Input for this task>

<<<<

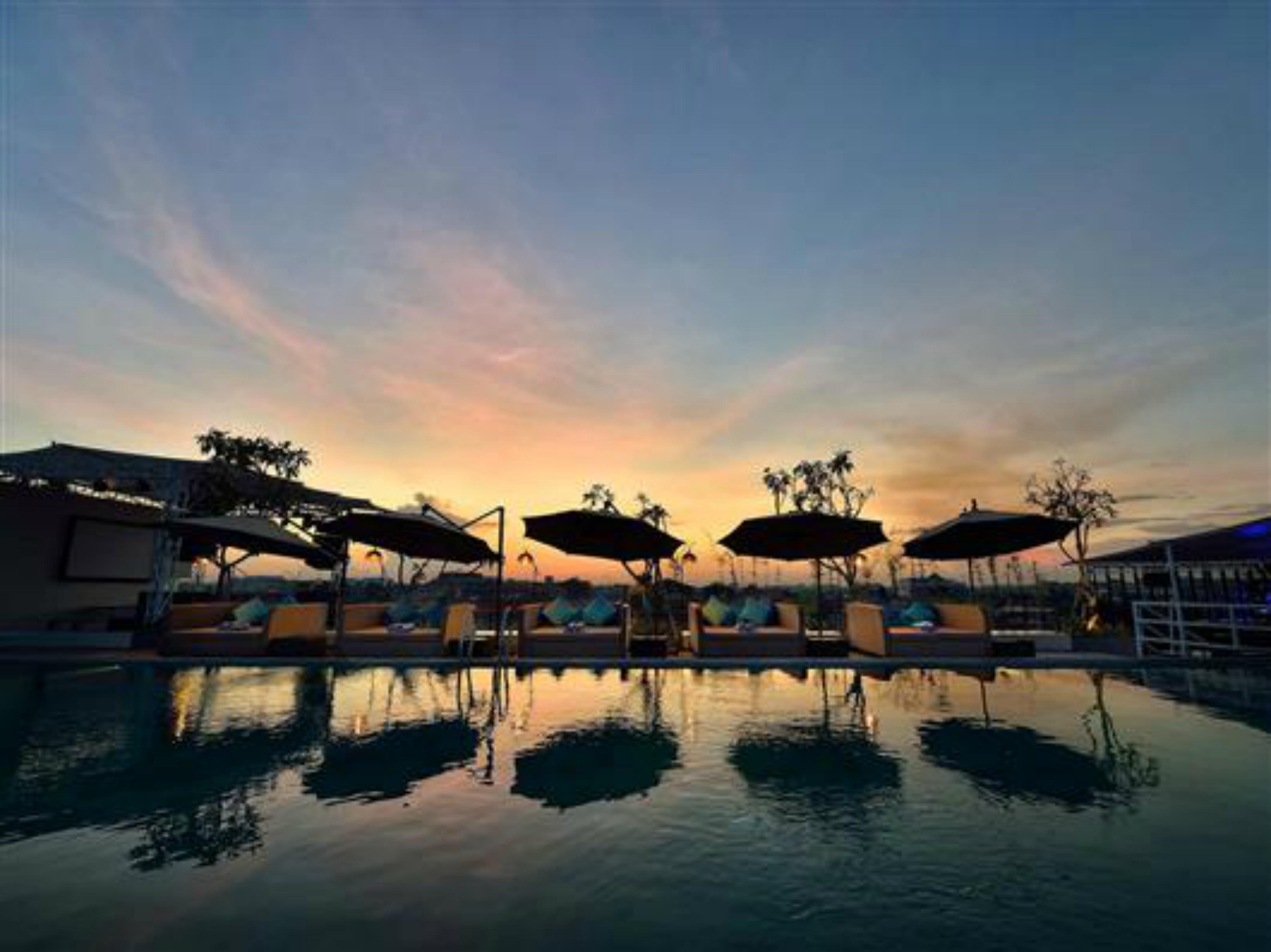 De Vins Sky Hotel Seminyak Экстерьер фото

>>>>
<<<<

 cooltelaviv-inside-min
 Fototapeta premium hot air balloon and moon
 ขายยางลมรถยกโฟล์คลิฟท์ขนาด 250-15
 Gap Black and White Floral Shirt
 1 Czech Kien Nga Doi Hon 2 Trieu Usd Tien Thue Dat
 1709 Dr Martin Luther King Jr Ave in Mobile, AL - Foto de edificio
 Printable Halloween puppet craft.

>>>>
<<<<

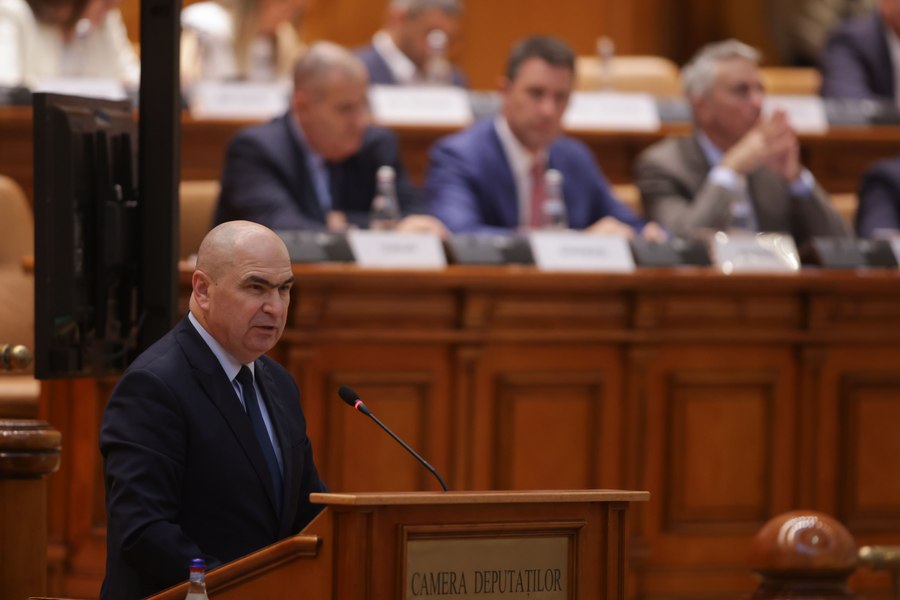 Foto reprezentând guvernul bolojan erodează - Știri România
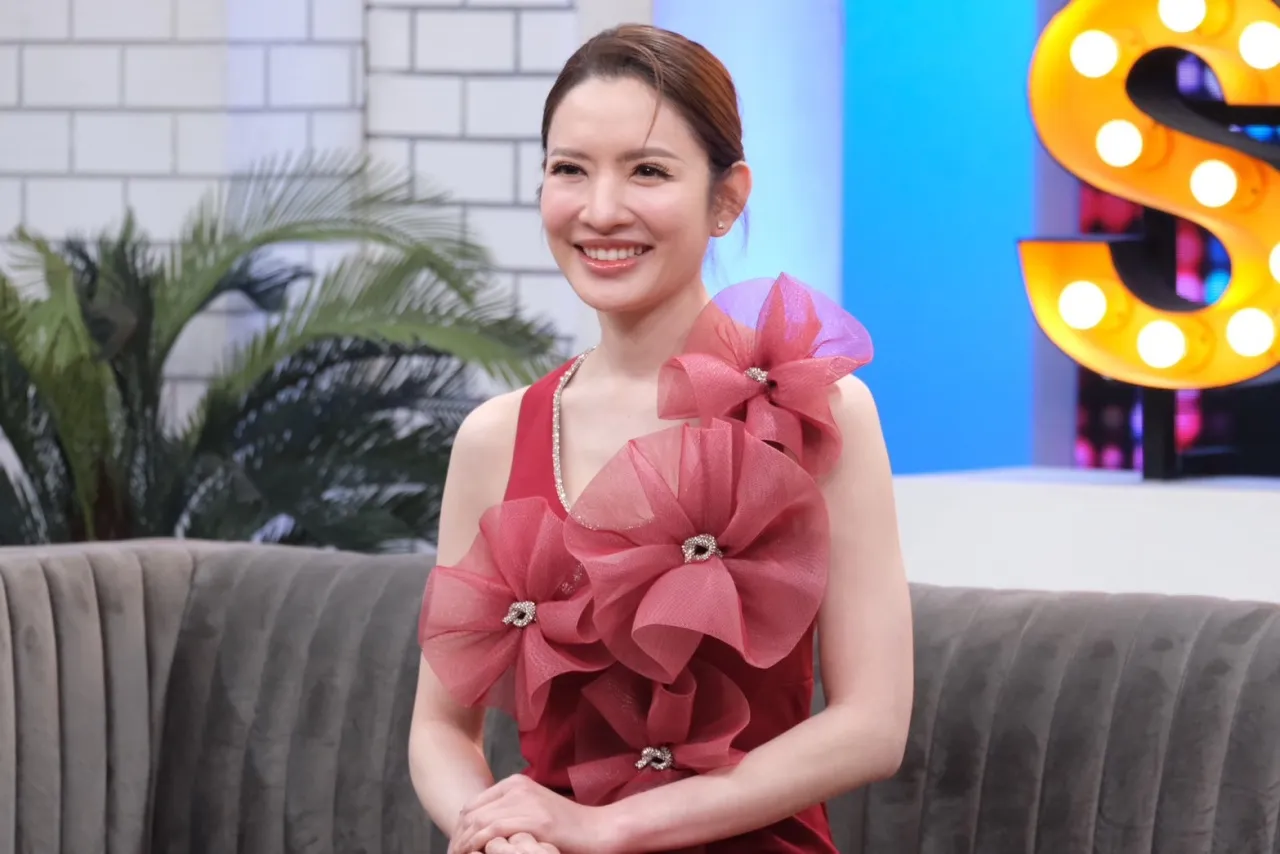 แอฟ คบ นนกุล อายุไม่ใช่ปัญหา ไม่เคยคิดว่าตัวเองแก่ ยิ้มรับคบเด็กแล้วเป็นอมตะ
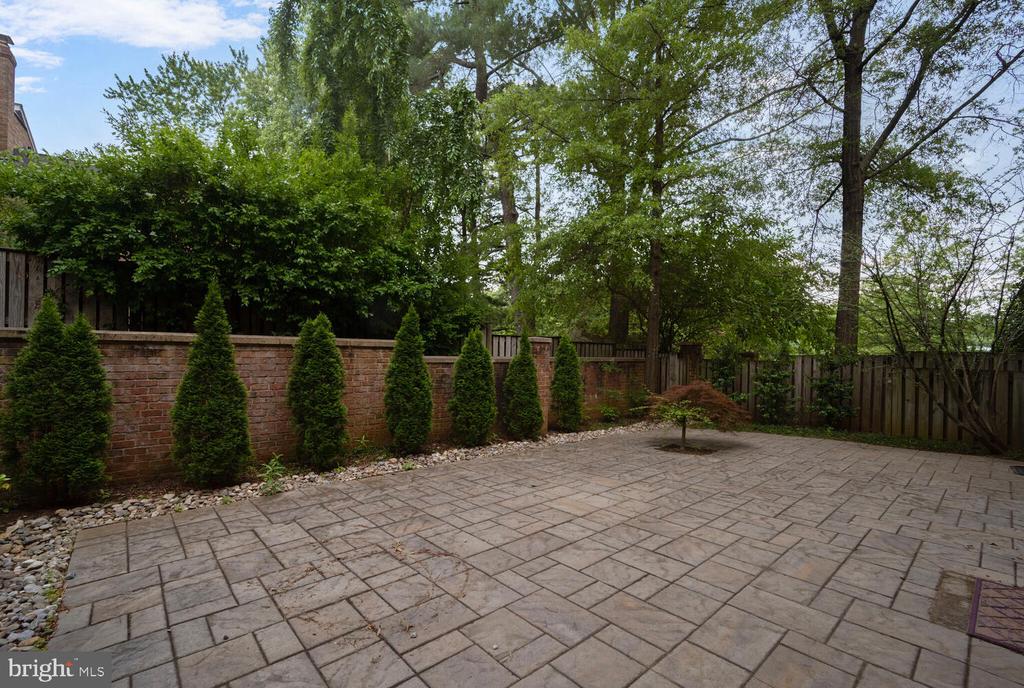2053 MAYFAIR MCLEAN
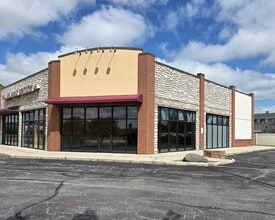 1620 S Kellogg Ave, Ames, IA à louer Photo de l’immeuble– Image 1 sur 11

>>>>

Task> Word for word, repeat the lines above from the one with "Foto reprezentând guvernul" through the one with "1620 S Kellogg", and nothing beyond them. Omit the pictures.

Task output>
 Foto reprezentând guvernul bolojan erodează - Știri România
 แอฟ คบ นนกุล อายุไม่ใช่ปัญหา ไม่เคยคิดว่าตัวเองแก่ ยิ้มรับคบเด็กแล้วเป็นอมตะ
2053 MAYFAIR MCLEAN
 1620 S Kellogg Ave, Ames, IA à louer Photo de l’immeuble– Image 1 sur 11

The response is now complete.